The task: Range to reproduce from the entries below: the line with "Felpa nera con", the line with "5486 Benttree Way — Photo 22", and every line in between. Give them exactly and give nothing else.

#### Given data

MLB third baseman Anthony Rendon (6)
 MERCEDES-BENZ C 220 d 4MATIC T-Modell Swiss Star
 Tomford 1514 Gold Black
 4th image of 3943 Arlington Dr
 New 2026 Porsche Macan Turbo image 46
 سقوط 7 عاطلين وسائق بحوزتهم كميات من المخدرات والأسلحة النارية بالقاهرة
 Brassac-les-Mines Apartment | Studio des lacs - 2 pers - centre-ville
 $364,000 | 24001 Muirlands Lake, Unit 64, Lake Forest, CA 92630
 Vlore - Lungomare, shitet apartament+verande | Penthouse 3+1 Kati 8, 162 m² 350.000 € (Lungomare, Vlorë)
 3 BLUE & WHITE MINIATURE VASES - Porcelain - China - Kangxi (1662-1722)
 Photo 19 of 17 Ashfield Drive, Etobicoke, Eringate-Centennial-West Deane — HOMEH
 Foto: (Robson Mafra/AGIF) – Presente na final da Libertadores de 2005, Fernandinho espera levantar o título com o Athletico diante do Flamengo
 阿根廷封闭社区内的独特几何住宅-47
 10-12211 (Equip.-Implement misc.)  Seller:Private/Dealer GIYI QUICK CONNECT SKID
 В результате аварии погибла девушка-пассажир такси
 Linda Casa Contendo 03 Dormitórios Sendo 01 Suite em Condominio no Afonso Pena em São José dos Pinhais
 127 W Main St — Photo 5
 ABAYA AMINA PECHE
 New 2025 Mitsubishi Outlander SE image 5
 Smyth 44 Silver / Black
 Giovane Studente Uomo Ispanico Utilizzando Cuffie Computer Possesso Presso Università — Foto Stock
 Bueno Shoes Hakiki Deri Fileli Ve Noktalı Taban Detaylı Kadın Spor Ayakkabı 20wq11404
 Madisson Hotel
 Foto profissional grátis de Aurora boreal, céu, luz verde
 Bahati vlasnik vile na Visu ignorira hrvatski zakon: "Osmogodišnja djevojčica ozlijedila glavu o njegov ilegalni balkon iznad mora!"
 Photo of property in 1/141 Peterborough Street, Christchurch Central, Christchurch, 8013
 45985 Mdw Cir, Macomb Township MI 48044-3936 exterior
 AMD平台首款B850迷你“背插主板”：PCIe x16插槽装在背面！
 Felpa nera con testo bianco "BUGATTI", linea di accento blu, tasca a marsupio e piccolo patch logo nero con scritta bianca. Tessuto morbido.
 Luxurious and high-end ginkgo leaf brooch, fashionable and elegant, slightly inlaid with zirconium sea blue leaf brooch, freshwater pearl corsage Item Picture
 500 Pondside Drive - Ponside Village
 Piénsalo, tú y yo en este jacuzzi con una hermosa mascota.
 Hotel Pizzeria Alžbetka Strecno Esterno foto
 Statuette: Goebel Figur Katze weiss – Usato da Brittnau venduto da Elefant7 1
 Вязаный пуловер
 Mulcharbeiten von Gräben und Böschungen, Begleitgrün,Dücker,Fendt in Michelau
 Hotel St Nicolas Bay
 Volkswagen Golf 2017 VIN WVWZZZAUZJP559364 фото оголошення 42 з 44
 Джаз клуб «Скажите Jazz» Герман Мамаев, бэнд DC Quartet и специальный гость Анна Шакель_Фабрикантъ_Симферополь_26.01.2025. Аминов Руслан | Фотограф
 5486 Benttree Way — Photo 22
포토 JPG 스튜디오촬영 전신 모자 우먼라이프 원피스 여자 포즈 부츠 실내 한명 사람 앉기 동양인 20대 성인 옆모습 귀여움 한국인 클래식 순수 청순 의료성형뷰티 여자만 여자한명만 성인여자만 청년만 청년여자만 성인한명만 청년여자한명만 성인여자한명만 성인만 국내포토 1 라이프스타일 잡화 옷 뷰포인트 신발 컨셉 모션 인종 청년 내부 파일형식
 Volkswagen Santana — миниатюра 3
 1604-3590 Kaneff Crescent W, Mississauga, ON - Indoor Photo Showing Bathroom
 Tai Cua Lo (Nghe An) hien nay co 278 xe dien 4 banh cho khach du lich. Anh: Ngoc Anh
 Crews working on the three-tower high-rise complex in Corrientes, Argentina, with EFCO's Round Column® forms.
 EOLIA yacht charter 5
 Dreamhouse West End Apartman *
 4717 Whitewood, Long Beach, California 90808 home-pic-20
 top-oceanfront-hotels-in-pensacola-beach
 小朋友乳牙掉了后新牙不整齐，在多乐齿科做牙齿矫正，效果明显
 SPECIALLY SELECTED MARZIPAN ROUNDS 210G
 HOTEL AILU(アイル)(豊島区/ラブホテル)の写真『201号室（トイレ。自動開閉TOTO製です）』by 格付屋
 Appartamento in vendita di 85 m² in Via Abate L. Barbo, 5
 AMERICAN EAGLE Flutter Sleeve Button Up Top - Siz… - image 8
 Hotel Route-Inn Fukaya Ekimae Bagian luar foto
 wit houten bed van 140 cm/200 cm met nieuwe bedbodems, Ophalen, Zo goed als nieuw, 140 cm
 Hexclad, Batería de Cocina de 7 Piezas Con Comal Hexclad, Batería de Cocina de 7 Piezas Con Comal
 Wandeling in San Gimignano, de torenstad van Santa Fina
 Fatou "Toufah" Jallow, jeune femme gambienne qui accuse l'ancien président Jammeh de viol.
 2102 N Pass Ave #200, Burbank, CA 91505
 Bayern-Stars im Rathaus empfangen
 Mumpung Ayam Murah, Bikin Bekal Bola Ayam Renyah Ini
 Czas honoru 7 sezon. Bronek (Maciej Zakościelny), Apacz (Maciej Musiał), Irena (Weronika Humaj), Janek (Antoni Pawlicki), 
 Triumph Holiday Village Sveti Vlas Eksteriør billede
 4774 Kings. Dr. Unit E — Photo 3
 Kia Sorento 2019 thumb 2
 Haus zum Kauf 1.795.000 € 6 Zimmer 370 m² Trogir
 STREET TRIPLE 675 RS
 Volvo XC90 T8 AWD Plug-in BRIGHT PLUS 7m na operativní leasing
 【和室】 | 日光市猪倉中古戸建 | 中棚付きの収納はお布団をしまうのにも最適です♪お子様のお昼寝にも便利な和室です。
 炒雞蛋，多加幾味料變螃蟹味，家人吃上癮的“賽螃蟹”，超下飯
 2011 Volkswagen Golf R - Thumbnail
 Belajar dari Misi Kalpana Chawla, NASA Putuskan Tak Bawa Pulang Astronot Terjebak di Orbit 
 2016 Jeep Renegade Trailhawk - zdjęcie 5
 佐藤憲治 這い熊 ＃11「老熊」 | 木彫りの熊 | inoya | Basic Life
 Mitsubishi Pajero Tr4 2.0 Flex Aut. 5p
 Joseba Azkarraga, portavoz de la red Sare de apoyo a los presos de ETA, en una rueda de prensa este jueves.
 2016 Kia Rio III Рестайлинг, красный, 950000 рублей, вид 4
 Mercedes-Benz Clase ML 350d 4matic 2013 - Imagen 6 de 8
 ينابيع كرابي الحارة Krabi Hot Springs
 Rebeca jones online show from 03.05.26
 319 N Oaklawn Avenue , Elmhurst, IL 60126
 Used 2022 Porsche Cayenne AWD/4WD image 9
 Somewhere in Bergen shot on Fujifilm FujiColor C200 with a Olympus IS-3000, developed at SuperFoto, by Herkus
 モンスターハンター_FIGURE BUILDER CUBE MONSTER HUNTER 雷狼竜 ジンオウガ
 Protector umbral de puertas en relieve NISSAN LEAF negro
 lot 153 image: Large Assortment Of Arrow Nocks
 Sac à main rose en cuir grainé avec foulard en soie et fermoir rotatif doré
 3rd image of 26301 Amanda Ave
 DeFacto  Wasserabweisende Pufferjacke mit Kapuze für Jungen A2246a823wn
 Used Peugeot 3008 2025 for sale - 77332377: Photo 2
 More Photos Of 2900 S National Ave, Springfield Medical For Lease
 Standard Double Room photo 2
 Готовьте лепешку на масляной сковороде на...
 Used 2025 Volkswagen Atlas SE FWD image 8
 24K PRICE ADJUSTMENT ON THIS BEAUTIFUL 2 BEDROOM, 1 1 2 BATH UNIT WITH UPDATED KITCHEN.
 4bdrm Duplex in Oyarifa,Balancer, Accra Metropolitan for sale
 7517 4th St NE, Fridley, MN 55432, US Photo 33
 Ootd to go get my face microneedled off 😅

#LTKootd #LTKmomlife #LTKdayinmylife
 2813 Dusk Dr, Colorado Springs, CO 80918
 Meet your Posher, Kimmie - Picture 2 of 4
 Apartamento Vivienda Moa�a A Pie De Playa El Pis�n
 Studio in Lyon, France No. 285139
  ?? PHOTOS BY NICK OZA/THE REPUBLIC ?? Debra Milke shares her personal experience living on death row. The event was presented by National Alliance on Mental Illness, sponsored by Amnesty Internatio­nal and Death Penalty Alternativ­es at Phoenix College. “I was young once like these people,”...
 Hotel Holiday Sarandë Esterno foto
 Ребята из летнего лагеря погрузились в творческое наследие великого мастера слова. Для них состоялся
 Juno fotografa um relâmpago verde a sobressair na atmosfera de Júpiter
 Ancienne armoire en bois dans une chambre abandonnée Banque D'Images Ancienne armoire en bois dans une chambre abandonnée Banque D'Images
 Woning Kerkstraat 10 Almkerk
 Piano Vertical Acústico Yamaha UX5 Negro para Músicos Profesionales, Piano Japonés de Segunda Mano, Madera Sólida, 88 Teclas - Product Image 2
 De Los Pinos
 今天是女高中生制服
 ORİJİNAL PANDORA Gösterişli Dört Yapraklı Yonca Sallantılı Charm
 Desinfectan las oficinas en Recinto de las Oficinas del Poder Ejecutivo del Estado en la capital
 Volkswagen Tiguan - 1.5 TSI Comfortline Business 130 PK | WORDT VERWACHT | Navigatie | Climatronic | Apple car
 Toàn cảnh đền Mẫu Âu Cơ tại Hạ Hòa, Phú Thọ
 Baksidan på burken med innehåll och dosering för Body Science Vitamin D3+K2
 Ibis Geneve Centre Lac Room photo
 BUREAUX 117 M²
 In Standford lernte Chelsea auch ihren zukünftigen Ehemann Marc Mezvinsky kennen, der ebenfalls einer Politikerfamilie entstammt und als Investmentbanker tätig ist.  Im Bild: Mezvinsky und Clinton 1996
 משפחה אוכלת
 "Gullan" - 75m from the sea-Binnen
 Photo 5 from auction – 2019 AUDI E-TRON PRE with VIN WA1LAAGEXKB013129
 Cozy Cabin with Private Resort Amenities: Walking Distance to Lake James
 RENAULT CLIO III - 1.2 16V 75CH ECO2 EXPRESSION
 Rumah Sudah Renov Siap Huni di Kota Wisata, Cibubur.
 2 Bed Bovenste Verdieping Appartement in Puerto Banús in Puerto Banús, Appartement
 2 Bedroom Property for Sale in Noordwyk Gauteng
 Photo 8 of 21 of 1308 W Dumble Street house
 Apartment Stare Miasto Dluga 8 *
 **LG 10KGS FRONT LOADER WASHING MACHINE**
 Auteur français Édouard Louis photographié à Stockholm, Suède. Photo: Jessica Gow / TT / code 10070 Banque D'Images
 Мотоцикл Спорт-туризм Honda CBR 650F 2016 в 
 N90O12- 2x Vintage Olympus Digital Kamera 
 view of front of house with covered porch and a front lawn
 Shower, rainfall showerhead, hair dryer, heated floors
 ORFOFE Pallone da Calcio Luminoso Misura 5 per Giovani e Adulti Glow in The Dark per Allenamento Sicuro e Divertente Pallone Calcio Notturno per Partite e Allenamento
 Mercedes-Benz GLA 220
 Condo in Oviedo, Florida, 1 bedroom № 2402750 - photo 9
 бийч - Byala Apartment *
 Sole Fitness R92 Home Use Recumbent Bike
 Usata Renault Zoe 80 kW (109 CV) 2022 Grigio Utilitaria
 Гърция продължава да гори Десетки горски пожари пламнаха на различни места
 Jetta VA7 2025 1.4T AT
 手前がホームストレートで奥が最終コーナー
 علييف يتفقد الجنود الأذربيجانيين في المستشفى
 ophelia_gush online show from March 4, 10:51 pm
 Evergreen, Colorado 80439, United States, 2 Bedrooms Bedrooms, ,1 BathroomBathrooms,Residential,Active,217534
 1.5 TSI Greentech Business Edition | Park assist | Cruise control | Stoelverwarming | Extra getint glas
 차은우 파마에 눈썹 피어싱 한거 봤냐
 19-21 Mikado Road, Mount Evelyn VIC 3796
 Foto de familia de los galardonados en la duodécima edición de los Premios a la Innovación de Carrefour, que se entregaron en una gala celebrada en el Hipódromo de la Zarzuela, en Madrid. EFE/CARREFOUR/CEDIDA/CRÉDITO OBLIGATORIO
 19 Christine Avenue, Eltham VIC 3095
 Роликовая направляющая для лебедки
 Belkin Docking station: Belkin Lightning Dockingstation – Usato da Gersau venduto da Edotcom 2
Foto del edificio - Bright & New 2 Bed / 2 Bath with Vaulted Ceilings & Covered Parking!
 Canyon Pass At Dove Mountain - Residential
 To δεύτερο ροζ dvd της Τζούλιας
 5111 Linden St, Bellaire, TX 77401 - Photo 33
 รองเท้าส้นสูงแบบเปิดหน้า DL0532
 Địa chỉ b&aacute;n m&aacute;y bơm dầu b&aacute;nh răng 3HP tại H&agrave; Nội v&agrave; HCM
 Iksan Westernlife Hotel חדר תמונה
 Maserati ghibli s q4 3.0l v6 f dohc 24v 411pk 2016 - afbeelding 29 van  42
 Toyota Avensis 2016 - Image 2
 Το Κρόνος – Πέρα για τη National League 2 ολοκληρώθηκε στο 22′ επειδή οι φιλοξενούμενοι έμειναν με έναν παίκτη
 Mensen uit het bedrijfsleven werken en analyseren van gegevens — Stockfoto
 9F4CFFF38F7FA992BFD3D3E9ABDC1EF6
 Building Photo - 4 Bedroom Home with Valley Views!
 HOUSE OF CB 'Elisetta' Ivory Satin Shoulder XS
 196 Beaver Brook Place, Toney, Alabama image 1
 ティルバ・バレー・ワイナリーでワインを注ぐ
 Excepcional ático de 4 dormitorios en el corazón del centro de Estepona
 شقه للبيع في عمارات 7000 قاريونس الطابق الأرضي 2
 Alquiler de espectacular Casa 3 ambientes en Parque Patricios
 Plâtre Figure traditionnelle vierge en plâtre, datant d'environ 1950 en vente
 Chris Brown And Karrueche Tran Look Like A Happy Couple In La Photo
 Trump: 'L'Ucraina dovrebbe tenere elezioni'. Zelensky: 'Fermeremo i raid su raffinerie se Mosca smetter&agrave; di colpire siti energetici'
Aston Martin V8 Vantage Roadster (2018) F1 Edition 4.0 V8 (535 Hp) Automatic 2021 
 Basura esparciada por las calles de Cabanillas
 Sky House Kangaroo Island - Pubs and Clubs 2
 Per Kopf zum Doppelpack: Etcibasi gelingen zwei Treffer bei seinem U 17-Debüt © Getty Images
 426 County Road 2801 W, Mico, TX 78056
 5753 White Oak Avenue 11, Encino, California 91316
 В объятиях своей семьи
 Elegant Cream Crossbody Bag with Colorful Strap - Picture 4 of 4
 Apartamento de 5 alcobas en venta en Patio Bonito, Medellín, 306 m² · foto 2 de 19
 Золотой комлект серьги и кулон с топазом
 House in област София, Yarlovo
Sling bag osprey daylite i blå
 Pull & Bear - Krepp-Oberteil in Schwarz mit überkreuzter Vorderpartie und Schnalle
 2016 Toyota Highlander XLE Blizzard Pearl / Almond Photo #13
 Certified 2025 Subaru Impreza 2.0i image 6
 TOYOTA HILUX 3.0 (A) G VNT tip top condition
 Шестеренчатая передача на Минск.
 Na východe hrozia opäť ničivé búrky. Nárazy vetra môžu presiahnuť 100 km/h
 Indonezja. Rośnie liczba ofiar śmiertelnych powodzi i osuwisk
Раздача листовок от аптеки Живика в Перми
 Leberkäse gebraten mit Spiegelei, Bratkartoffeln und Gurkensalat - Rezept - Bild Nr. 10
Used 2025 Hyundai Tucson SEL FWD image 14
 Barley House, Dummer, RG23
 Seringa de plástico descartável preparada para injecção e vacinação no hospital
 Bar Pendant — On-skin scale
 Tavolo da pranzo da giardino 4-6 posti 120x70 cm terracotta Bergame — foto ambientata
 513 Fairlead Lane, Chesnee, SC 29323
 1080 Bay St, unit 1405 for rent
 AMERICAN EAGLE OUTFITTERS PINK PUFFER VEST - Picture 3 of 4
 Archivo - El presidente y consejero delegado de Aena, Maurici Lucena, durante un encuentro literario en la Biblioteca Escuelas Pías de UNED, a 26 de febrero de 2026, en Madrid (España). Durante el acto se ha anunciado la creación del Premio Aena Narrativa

########

Answer for the task:
 Felpa nera con testo bianco "BUGATTI", linea di accento blu, tasca a marsupio e piccolo patch logo nero con scritta bianca. Tessuto morbido.
 Luxurious and high-end ginkgo leaf brooch, fashionable and elegant, slightly inlaid with zirconium sea blue leaf brooch, freshwater pearl corsage Item Picture
 500 Pondside Drive - Ponside Village
 Piénsalo, tú y yo en este jacuzzi con una hermosa mascota.
 Hotel Pizzeria Alžbetka Strecno Esterno foto
 Statuette: Goebel Figur Katze weiss – Usato da Brittnau venduto da Elefant7 1
 Вязаный пуловер
 Mulcharbeiten von Gräben und Böschungen, Begleitgrün,Dücker,Fendt in Michelau
 Hotel St Nicolas Bay
 Volkswagen Golf 2017 VIN WVWZZZAUZJP559364 фото оголошення 42 з 44
 Джаз клуб «Скажите Jazz» Герман Мамаев, бэнд DC Quartet и специальный гость Анна Шакель_Фабрикантъ_Симферополь_26.01.2025. Аминов Руслан | Фотограф
 5486 Benttree Way — Photo 22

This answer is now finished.